Marchex, Inc. (MCHX) Q2 2012 Earnings Call Transcript
Published at 2012-08-02 00:00:00
Good afternoon. My name as Ally, and I will be your conference operator today. At this time, I would like to welcome everyone to the Marchex Second Quarter Earnings Conference Call. [Operator Instructions] I would now like to turn the conference over to your host, Mr. Ethan Caldwell, General Counsel and Chief Administrative Officer.

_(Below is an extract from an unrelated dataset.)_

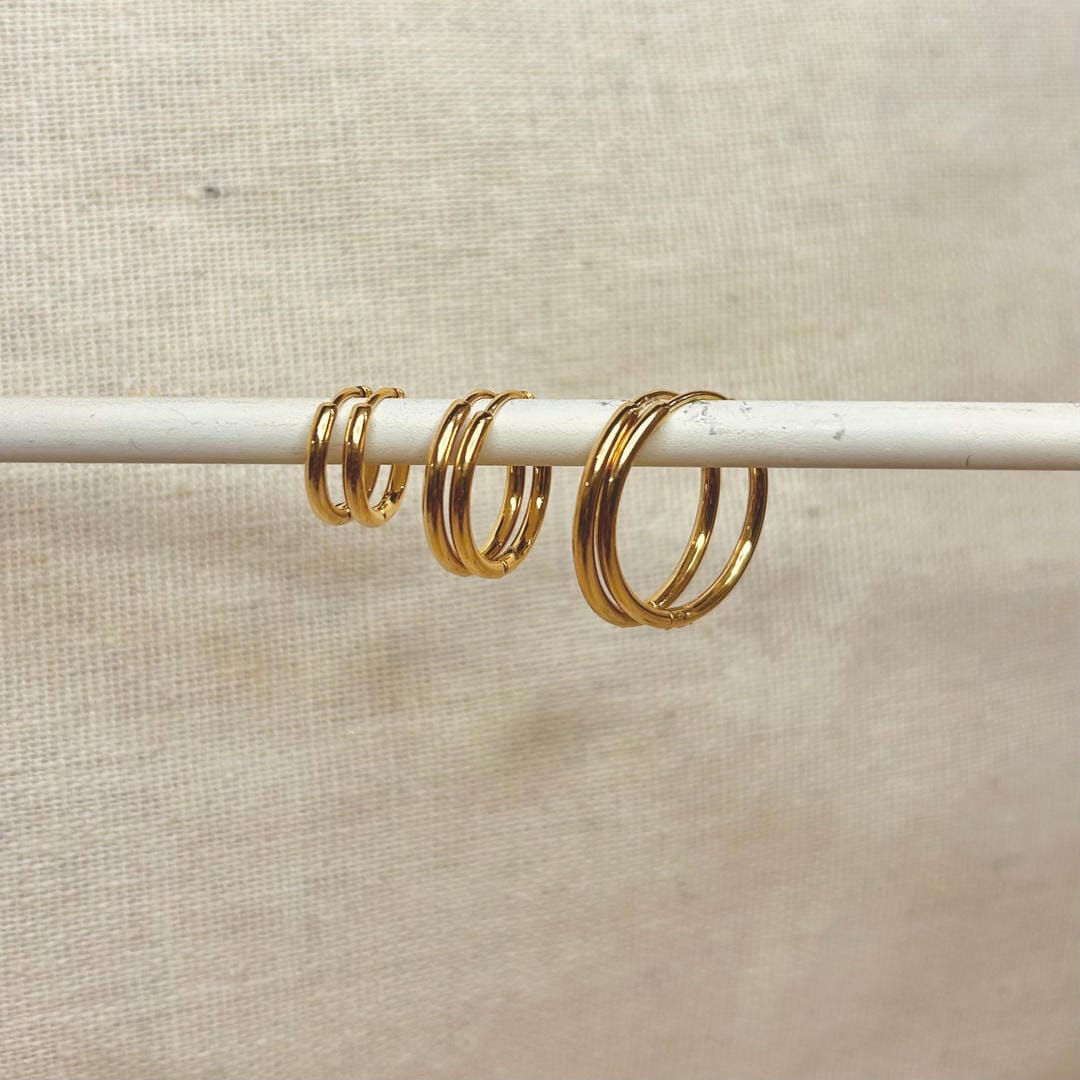 Ensemble de 3 Paires de Boucles d&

Thank you. Good afternoon, everyone, and welcome to Marchex's Business Update and Second Quarter 2012 Conference Call. Joining us today are Russell Horowitz, Chairman and Chief Executive Officer; and Michael Arends, Chief Financial Officer. During the course of this conference call, we will make forward-looking statements that involve substantial risks and uncertainties. All statements other than statements of historical fact included on this call regarding our strategy, future operations, future financial position, future revenues and other financial guidance, acquisitions, projected costs, prospects, plans and objectives of management are forward-looking statements. We may not actually achieve the plans, intentions or expectations disclosed in our forward-looking statements, and you should not place undue reliance on our forward-looking statements. Actual results or events could differ materially from the plans, intentions and expectations disclosed in the forward-looking statements we make. There are a number of important factors that could cause Marchex's actual results to differ materially from those indicated by such forward-looking statements as are described in the Risk Factors section of our most recent periodic report and registration statement filed with the Securities and Exchange Commission. All of the information provided on this conference call is as of today's date, and we undertake no duty to update the information provided herein. During the course of this conference call, we will also reference certain non-GAAP measures of financial performance and liquidity, including OIBA, adjusted OIBA, adjusted EBITDA and adjusted non-GAAP EPS. A reconciliation of these non-GAAP financial measures to the comparable GAAP financial measures is contained in today's earnings press release, which is available on the Investor Relations section of our website, and definitions of these measures, as used by us, and the reasons why we believe these measures provide useful information are also contained in today's earnings press release. At this time, I would like to turn the call over to Russell Horowitz.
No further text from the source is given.